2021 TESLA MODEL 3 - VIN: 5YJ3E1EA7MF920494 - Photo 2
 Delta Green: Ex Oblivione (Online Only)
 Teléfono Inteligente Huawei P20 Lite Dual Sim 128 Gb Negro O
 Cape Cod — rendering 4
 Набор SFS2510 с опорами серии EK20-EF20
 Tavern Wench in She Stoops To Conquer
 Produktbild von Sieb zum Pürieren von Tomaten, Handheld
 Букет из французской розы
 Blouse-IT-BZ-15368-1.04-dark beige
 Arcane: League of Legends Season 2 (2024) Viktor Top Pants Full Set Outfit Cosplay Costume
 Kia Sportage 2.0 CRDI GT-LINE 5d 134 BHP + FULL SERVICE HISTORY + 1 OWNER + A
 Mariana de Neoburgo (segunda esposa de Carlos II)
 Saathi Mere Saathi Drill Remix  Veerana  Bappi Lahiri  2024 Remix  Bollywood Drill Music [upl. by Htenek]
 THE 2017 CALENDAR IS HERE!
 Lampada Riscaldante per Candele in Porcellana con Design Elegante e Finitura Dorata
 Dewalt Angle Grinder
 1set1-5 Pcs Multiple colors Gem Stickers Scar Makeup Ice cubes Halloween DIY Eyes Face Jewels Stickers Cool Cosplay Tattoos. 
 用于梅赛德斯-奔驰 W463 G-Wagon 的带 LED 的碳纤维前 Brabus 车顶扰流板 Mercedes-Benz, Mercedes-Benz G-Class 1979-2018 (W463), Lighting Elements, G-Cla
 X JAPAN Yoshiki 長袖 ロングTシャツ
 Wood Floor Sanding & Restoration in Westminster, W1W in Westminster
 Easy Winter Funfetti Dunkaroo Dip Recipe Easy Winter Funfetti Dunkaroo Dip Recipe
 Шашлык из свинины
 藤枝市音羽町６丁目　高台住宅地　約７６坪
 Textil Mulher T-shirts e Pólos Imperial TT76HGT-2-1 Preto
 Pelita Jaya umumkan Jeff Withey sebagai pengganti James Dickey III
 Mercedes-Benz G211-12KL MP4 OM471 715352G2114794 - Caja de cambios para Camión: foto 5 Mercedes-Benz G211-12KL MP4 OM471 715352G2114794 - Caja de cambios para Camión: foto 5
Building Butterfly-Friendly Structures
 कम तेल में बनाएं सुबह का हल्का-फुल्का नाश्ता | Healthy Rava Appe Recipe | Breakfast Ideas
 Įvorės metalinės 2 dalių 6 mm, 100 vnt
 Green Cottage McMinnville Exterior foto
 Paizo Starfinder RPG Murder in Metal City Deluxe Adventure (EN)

_What you will do_
Only a number should be given: the count of lines above that contain the word "Green".

_Response area_
2